ST. LOUIS (KMOX) – Across the continent, from Milwaukee to Montreal, cities are evaluating whether they have what it takes to lure Amazon’s second headquarters. That of course includes several potential sites in St. Louis.

Amazon’s RFP points to the Seattle campus, which is really a collection of buildings in Seattle’s downtown. Could the city purchase the now-vacated AT&T tower and give it to Amazon? What about the former Macy’s Railway Exchange building?

“All of that is stuff that we need to put on the table, I think it’s a great… We have a lot of opportunity here,” says Missy Kelley, president of Downtown St. Louis, Inc.

Amazon also says they want transit stations, intersection of highways and walk-ability.

READ MORE: St. Louis Joins Fight for Amazon Headquarters

“You could really walk or ride your bike to anything if you wanted to, and that includes if you had buildings in multiple sites throughout the downtown location, so I think we could be creative,” Kelley says.

Amazon eventually wants 8 million square feet of space in its second headquarters city. AT&T tower and Railway Exchange are each just under a million square feet. but between vacant lots, vacant buildings, and even those Kiener Plaza parking garages, there’d be plenty of room for amazon to grow.
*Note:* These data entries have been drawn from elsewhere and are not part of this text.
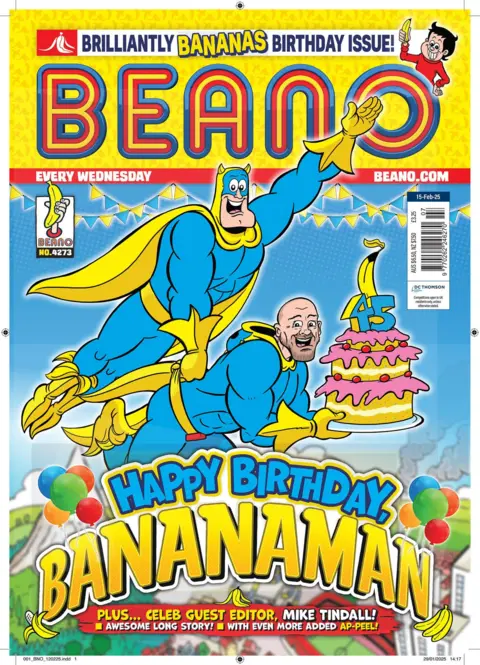 Beano/PA Wire The front cover of the Beano shows a cartoon image of Bananaman holding onto Mike Tindall as they fly through the air. They are wearing matching blue and yellow costumes. Tindall is holding a birthday cake topped with the number 45 and a banana.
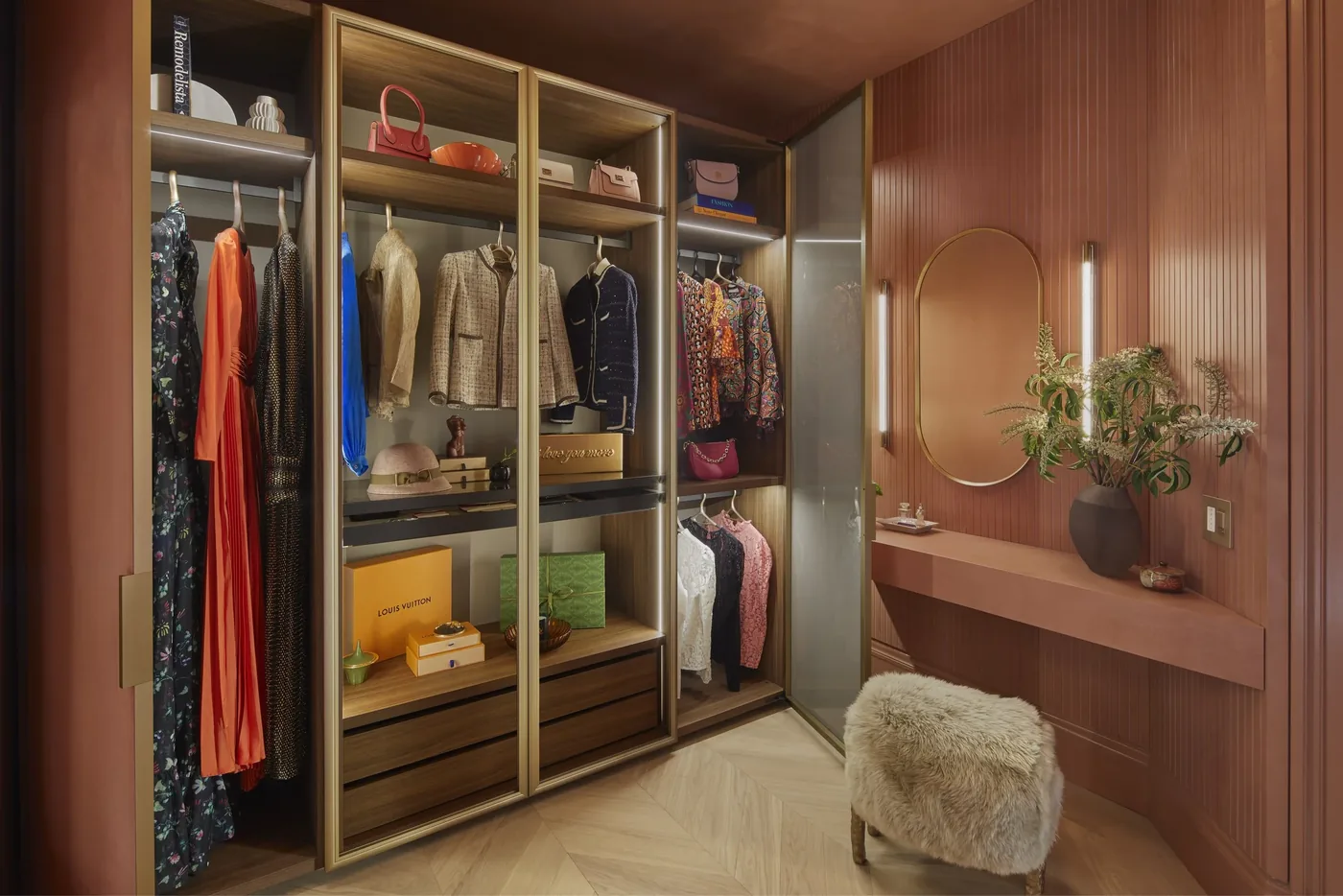 Her Closet wardrobe wall with bronze glass doors and integrated lighting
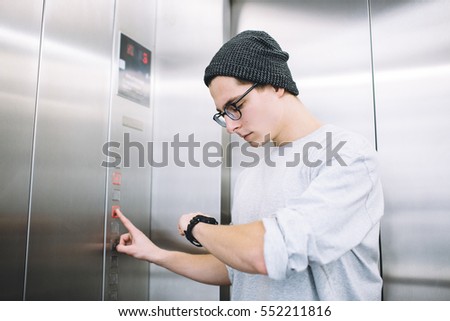 Similar – Image, Stock Photo Serious young stylish guy standing near shabby wall on street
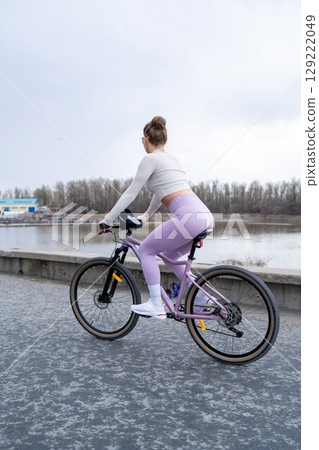 A Woman Riding Her Bicycle by the Water on a Cloudy Day Amidst Natures Beauty A Woman Riding Her Bicycle by the Water on a Cloudy Day Amidst Natures Beauty 129222049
Or is the Mississippi River the secret to a showstopping local bid for Amazon? In urban centers across the country, companies are returning to cities and rivers, including G.E. moving from an office park in Connecticut to Boston’s downtown waterfront. But our riverfront is a bare canvas.

“The north riverfront is the front door to the region,” says Susan Trautman, CEO at Great Rivers Greenway.

Trautman reminds us that there’s a stunning area north of the Arch along the river that was all cleared for a football stadium, and now there’s a plan for living, working space, trails, even a recreational waterway there.

“We would be happy to cooperate with any effort the city and the county wanted to come together on and we’re really happy to see a regional effort around this,” she says.

Matt Bukhshtaber, executive vice president at CBRE, has impeccable timing. He’s assembled all the land on the other side of the Arch, so all those worn warehouses to the south.

“My mind’s been churning on this district for years,” he says.

Chouteau’s Landing isn’t just along the river and next to the Arch, but a half-mile from Busch Stadium. Bukhshtaber says this St. Louis is one of the last grand riverfront opportunities in the country.